We are heading towards a global recession…exactly when investment into technology and new infrastructure is needed. Don't bail out banks, send out rockets. Off-earth scientific exploration has geopolitical importance too. Not in the U.S.S.R./China/U.S.A. space race, but by encouraging world governments to come together and form coalitions across borders.
This is a shared space. The 1967 Outer Space Treaty forbids any government from claiming a celestial resource such as the Moon or "owning" any part of Space.
Observatories such as La Silla in Chile or the Hayden Planetarium in New York are cultural melting pots, with engineers, astronomers and space enthusiasts from all over the world to form connections and collaborate. Space exploration encourages countries to work not as individual governments but as a collective human race.
It's not just rocketships.
The International Space Station is more than just firing rockets into Space. Scientists create long-term experiments that span decades. The data collected is used to find sustainable ways to benefit humanity as a whole and protect the Planet through finding resources and locating future threats.
Encouraging innovation
The 100-year Starship Program hopes to create technology to explore space within the next 100 years. Side effects of this primarily space-related program have been discoveries we use here on Earth. Water purification systems, for example! There are immediate and direct earthly benefits to the discoveries astronomers and Space- are making, but the space industry is a massive employer.

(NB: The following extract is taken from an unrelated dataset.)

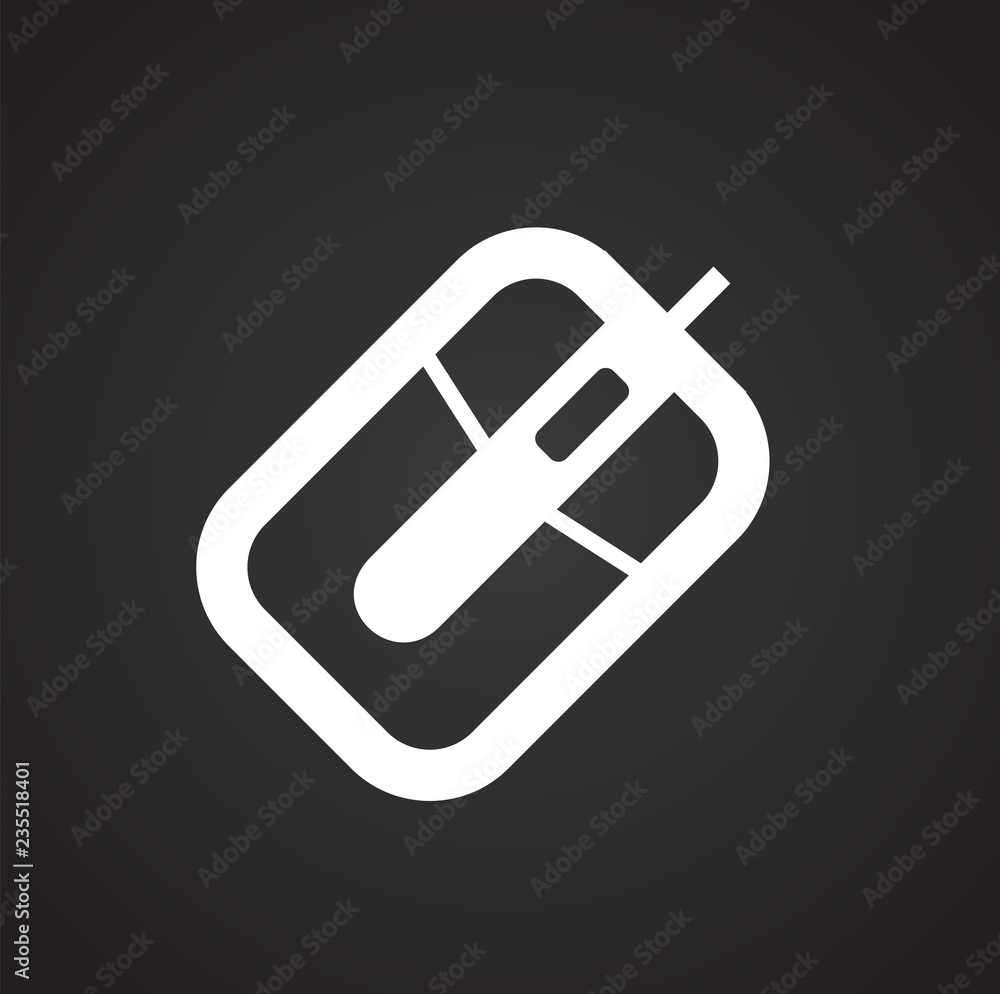 Poster computer gaming mouse icon on black background for graphic and web design, modern simple vector sign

N.A.S.A. employs over 18,000 people across the United States. This does not include the many freelancers and specialists also contracted by N.A.S.A. around the world.
It's not just astronauts.
That won't affect you, you say? You'd be surprised! The space industry also requires physicists, personal trainers, psychologists, designers, and event caterers. The ripple effects of one space mission can span multiple industries.
Don't be a dinosaur
Let's say we stop all space funding tomorrow, and turn off the Hubble Telescope and shut down space stations and international observatories around the world. How will we know when the next meteor or asteroid could strike? The Jupiter-Mars asteroid belt could send deadly meteorite strikes to our planets.
What could we learn from tracking and potentially redirecting or preemptively destroying an incoming asteroid? Ask a dinosaur!